There's no disputing that the NFL is a bad organization between the disingenuous caring about player safety, the rampant racism, the profiting off of our military (and ultimately, taxpayers), and countless other non-football infractions. I acknowledge this and make no excuses for continuing to watch Saints games.
Those are all much better reasons to not watch the Super Bowl (or any football games, for that matter) than a blown call during the NFC Championship game. Especially when the Saints shouldn't have been in the position where the score was that close then anyway. And especially when Drew Brees threw an interception in overtime. True, that no-call very likely cost the Saints a spot in the Super Bowl, but these facts do not take away from the fact that the people of New Orleans in no way overreacted or were too excessive by partying on Sunday instead of watching the Super Bowl.
Fans of other teams and people who just hate New Orleans in general for whatever reason have claimed it was a "protest" and that Saints fans "weren't just finding an excuse to party -- they're still mad and should get over it." Never have people been more wrong. Are some of us still bummed? Absolutely. Were most of us happy we got to day drink in the streets, don some early Mardi Gras costume pieces, boil crawfish, and listen to some classic NOLA hip-hop and bounce with thousands and thousands of our friends, family, and neighbors? Yeah you right.
To claim that we were protesting or were still genuinely angry is to completely misunderstand New Orleans and how we do things here. The only reason we'd still be salty right now is because of our food -- not a blown call. There's been some "New New Orleans" tomfoolery in recent years that whitewashes or over-exaggerates New Orleans traditions, but this celebration of our team and our city this past Sunday -- that's just classic New Orleans tomfoolery.
Our parades for Mardi Gras -- by the way, a weeks long party -- feature floats that directly skewer local and national politics and pop culture. Our funerals end with huge buffet meals and copious amounts of alcohol and some light ribbing of the deceased. People threw a parade for a friggin' cat that died at an Entergy substation that caused a blackout for a portion of the city.
What took place last Sunday is just a reflection of who we are -- a resilient people that has had to pick ourselves up and dust off our pants more than just a couple of times and about more serious things than a football game. And that's why a football game is so important to us -- the Saints bring the city together.

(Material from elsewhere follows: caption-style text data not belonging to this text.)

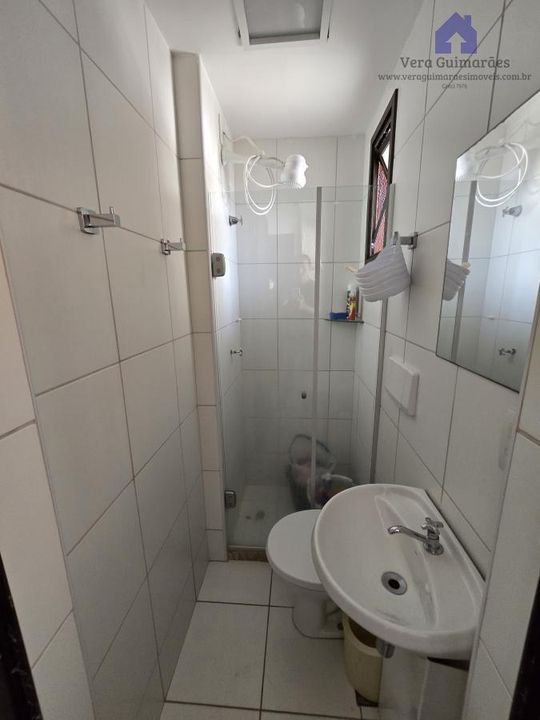 Apartamento - Pituaçu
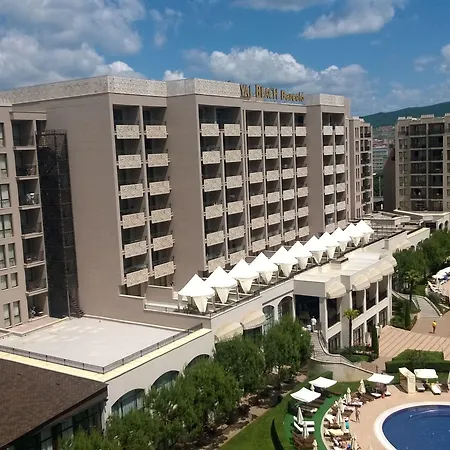 Royal Private Διαμέρισμα *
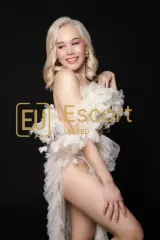 Dubaj, žena na eskort Anna — fotka 19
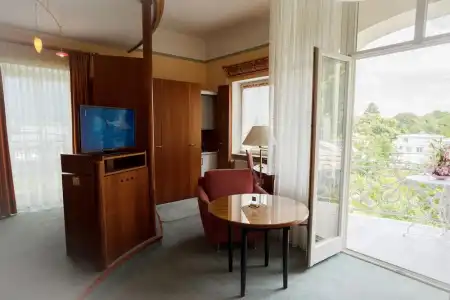 Alpenstadthotels - 88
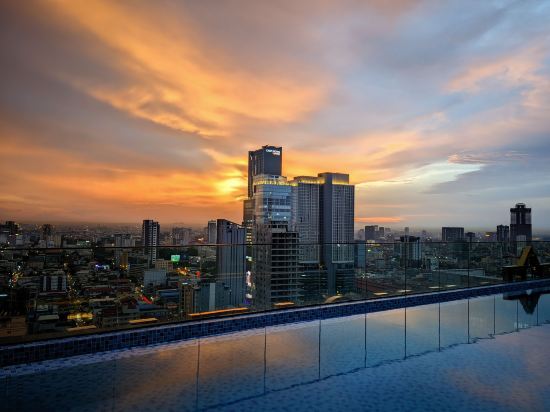 豪華酒店和公寓優惠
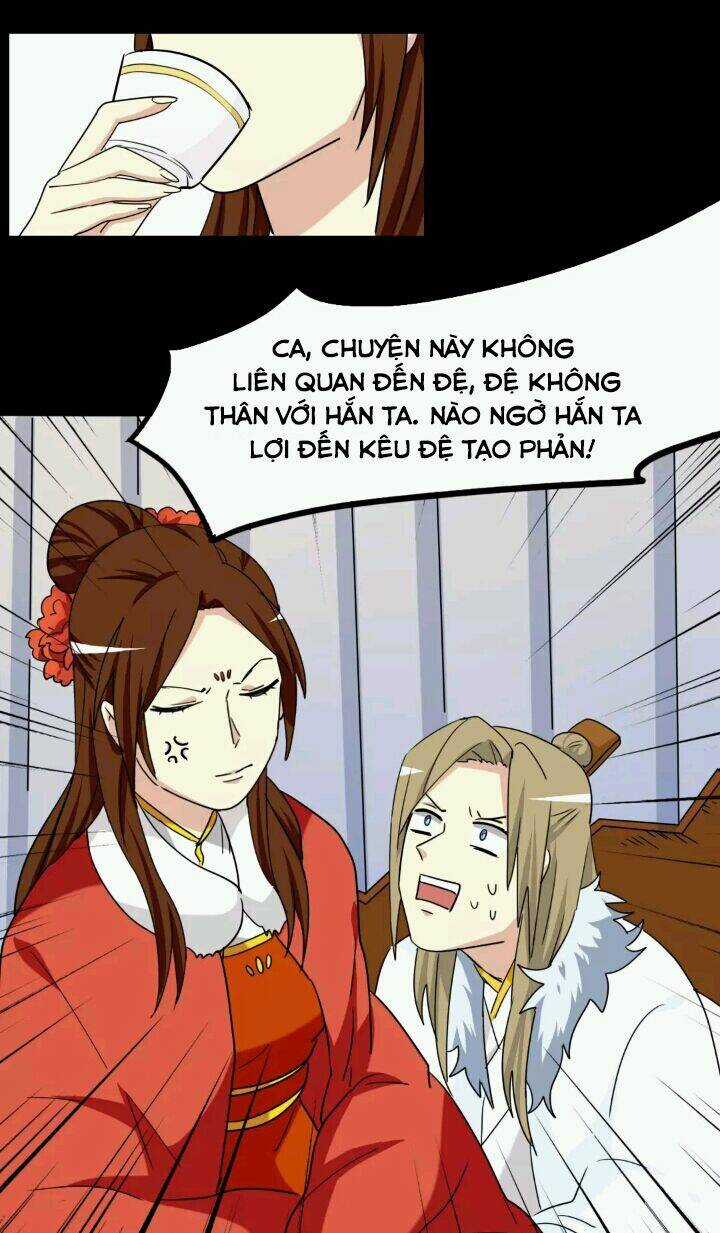 Lưỡng Bất Nghi - Chapter 87 - Trang 18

They give us a distraction from a rising cost of living and stagnant wages and corrupt politicians and how so many of our friends and family are gone because they either died or moved after the Storm and the levee breaches and how goddamned hot it is here and for some reason we still wear these black jerseys when it's 98 degrees with 80% humidity. The players adopt New Orleans as their homes. They're not just passing through -- they live here and they love this city as much as we do.
Football is big in the south all over, for sure, but what the Saints represent for us in New Orleans, what the Saints do for us in New Orleans -- that's not just a southern love of football. It's one of the many beats that keep the incredible heart of New Orleans going.
So yeah, that missed call sucked and our heads hung low for a few days after. But instead of doing like so many other fanbases do when their team wins and they take to the streets and set fires and flip cars and smash windows, Saints fans took a loss and turned it into a pre-party for the two week party we're throwing in a week. And baby, in the words of Frank Davis, that's naturally N'awlins.